Short descriptive text snippets:
.....

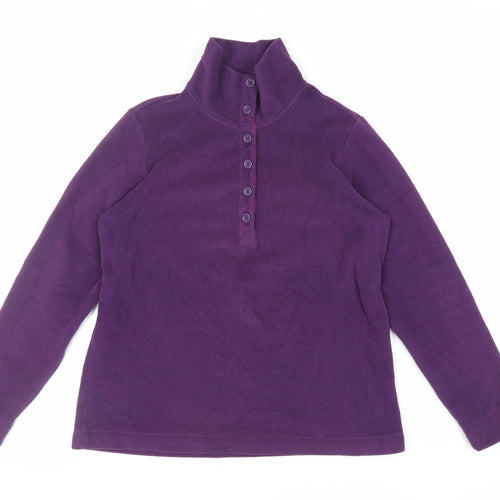 Lands' End Womens Purple Polyester Pullover Sweatshirt Size M Button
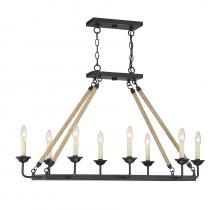 Savoy House Meridian CA M10081MBK - 8-Light Linear Chandelier in Matte Black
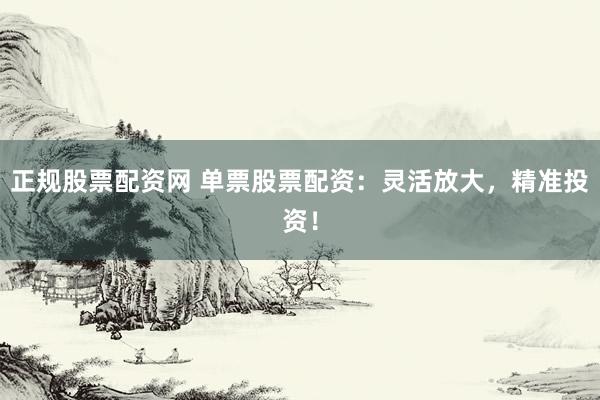 正规股票配资网 单票股票配资：灵活放大，精准投资！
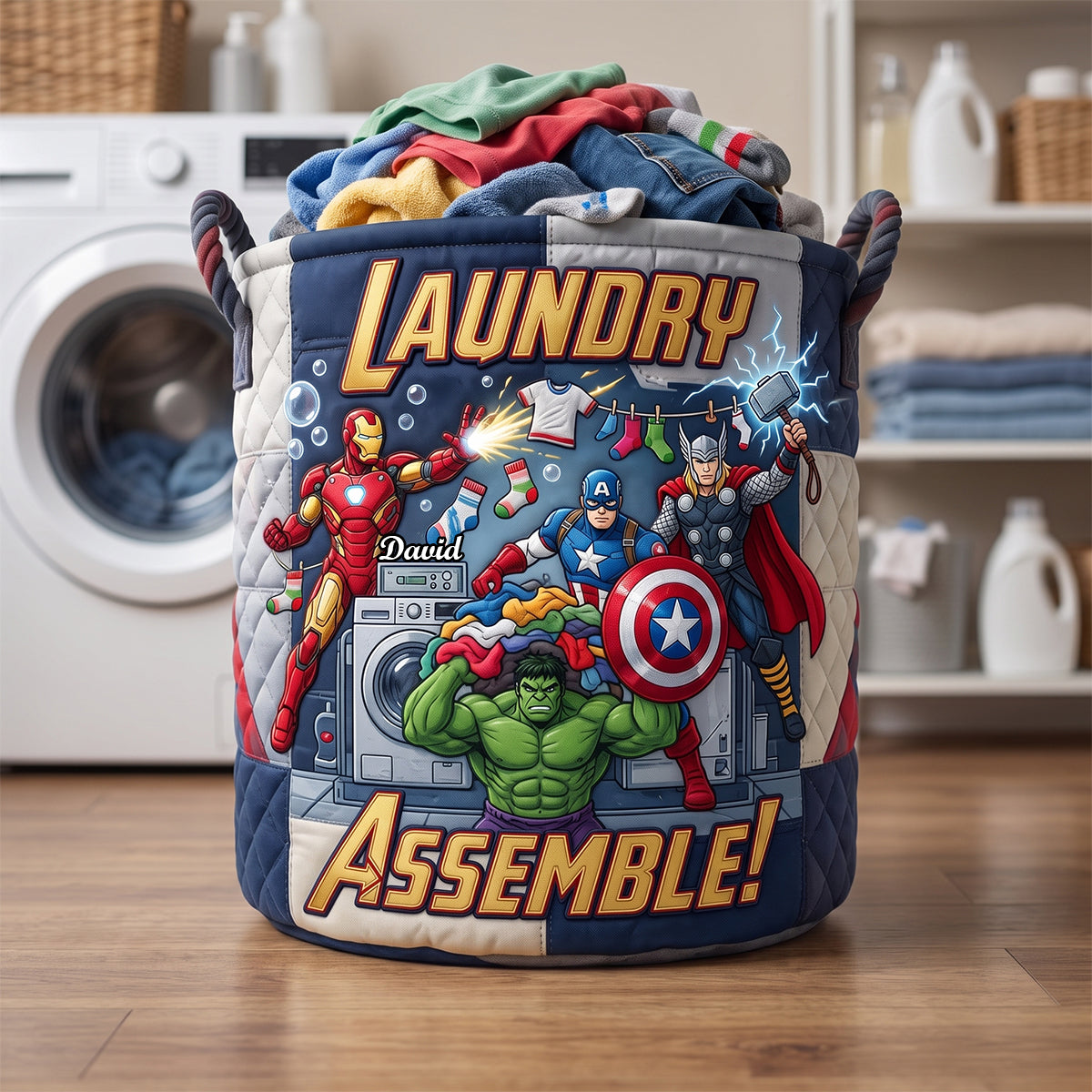 Hero Squad Quilted Laundry Basket - Personalized Gifts 06tydh090726 Laundry Basket PopCulturePrints
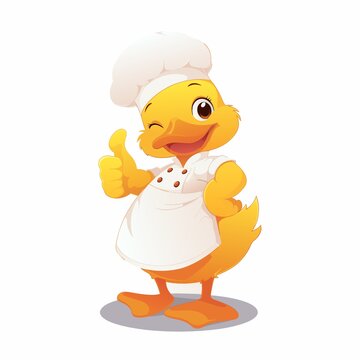 卡通鸭子厨师点赞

.....

Directions for this task:
Every record above needs to be repeated exactly; pictures are to be left out.

Exercise answer:
 Lands' End Womens Purple Polyester Pullover Sweatshirt Size M Button
 Savoy House Meridian CA M10081MBK - 8-Light Linear Chandelier in Matte Black
 正规股票配资网 单票股票配资：灵活放大，精准投资！
 Hero Squad Quilted Laundry Basket - Personalized Gifts 06tydh090726 Laundry Basket PopCulturePrints
 卡通鸭子厨师点赞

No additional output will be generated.